2.7. Assessment Method

To test the effectiveness of the model, it is necessary to use the mean intersection over union (MIoU) semantic segmentation metrics in addition to the curves of the change in the accuracy and loss function output during training and validation. MIoU is the average of the intersection and concurrency ratios for each class in the dataset and is calculated as shown in Formula (7).

$$MIoU=\frac{1}{k+1}{\displaystyle \sum _{i=0}^k\frac{{}_{p_{ii}}}{{\displaystyle {\sum }_{j=0}^k{p}_{ij}+{\displaystyle {\sum }_{j=0}^k{p}_{ji}-p_{ii}}}}}$$

(6)

where p_ii denotes the change rate of correctly predicting category i as category i.

Another set of metrics for evaluating the model is the recall, precision, and F1-score. The recall indicates the percentage of correct segmentation in the actual segmentation process. The precision indicates the percentage of all recognized point clouds that are correctly segmented. The F1-score integrates the overall accuracy of the pre-segmentation and over-segmentation errors. So, we use the F1-score to represent the accuracy of the model and make comparisons.

$$recall=\frac{TP}{TP+FN}$$

(7)

$$precision=\frac{TP}{TP+FP}$$

(8)

$$F1-score=\frac{2\ast recall\ast precision}{recall+precision}$$

(9)

where true positive (TP) denotes the number of point clouds that have been correctly segmented. False negative (FN) denotes the number of segmentation trees that have not been detected. False positive (FP) denotes the number of point clouds that do not exist but have been incorrectly segmented into a particular class.

3. Results

Finally, after segmenting and comparing the point cloud using two data enhancement methods, the dataset used to train the model is obtained. It consists of a total of 1,404,928 labeled points. This includes 170 point clouds of bushes, 172 point clouds of trunks, 175 point clouds of leaves, and 170 point clouds of ground. Each point cloud contains approximately 2066 points.

The produced dataset was entered into Forest-PointNet for testing and comparison. Likewise, the same dataset was input into PointNet and tested after saving the best model weights file through training. The obtained accuracy was then compared, and the results are presented in

Table 2. Forest-PointNet vs. PointNet model accuracy comparison.
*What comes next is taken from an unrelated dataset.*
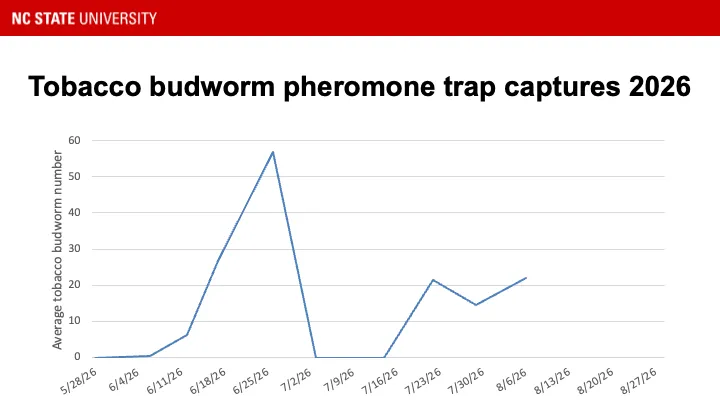 Corn earworm pheromone trap catches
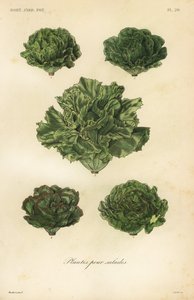 Légumes pour salades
Point Cloud Class	Forest-PointNet Accuracy	PointNet Accuracy
Bush	0.901422	0.851690
Ground	0.937353	0.890175
Trunk	0.905572	0.853921
Leaf	0.906432	0.854430
Average Accuracy	0.909807	0.862554

. Due to the presence of numerous uncontrollable influencing factors in the deep learning model training process, it is essential to conduct several tests under different circumstances. In this study, 10 batches of training were performed using the same parameters on the same desktop machine, and the accuracy results were averaged. Additionally, Forest-PointNet was deployed on another server running Windows 11 with an NVIDIA GeForce 3070 GPU for testing. The results obtained were similar, with no significant deviation observed. Table 2 reveals that compared to the PointNet model, the accuracy of the Forest-PointNet model demonstrates greater stability across all segmentation types. Furthermore, the average accuracy of the Forest-PointNet model improved by 4.0930% compared to the traditional PointNet model. Forest-PointNet also achieved an MIoU value of 69.02%.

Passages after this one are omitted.